Utilites to train and utilize SASRec

class sasrec.util.SASRecDataSet(filename=None, col_sep='\t')[source]

A class for creating SASRec specific dataset used during train, validation and testing.

Parameters
  • filename (str) – Data Filename.

  • col_sep (str) – column separator in the data file.

usernum

Total number of users.

Type

int

itemnum

Total number of items.

Type

int

User

All the users (keys) with items as values.

Type

dict

Items

Set of all the items.

Type

set

user_train

Subset of User that are used for training.

Type

dict

user_valid

Subset of User that are used for validation.

Type

dict

user_test

Subset of User that are used for testing.

Type

dict

filename

Data Filename. Defaults to None.

Type

str

col_sep

Column separator in the data file. Defaults to ‘/t’.

Type

str

Examples

>>> data = SASRecDataSet('filename','/t')
sasrec.util.filter_k_core(data, core_num=0, col_user='userID', col_item='itemID')[source]

Filter rating dataframe for minimum number of users and items by # repeatedly applying min_rating_filter until the condition is satisfied.

Parameters
  • data (pd.DataFrame) – DataFrame to filter.

  • core_num (int, optional) – Minimun number for user and item to appear on data. Defaults to 0.

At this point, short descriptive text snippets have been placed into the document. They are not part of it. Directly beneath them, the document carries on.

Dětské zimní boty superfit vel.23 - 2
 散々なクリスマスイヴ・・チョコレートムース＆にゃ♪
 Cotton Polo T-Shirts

  • col_user (str, optional) – User column name. Defaults to “userID”.

  • col_item (str, optional) – Item column name. Defaults to “itemID”.

Returns

pd.DataFrame – Filtered dataframe

sasrec.util.load_model(path, exp_name='sas_experiment')[source]

Load SASRec model

Parameters
  • path (str) – Path where the model is saved.

  • exp_name (str, optional) – Experiment name (folder name). Defaults to ‘sas_experiment’.

Returns

model.SASREC – loaded SASRec model

sasrec.util.min_rating_filter_pandas(data, min_rating=1, filter_by='user', col_user='userID', col_item='itemID')[source]

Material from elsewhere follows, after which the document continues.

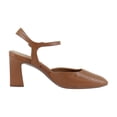 thumbnail image 6 of Naturalizer Frankie Women's Heels English Tea Brown Leather Size 11 M, 6 of 8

Filter rating DataFrame for each user with minimum rating.

Filter rating data frame with minimum number of ratings for user/item is usually useful to generate a new data frame with warm user/item. The warmth is defined by min_rating argument. For example, a user is called warm if he has rated at least 4 items.

Parameters
  • data (pd.DataFrame) – DataFrame of user-item tuples. Columns of user and item should be present in the DataFrame while other columns like rating, timestamp, etc. can be optional.

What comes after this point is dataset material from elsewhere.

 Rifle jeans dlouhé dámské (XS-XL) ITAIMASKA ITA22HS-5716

  • min_rating (int) – Minimum number of ratings for user or item.

  • filter_by (str) – Either “user” or “item”, depending on which of the two is to filter with min_rating.

  • col_user (str) – Column name of user ID.

  • col_item (str) – Column name of item ID.

Returns

pandas.DataFrame – DataFrame with at least columns of user and item that has been filtered by the given specifications.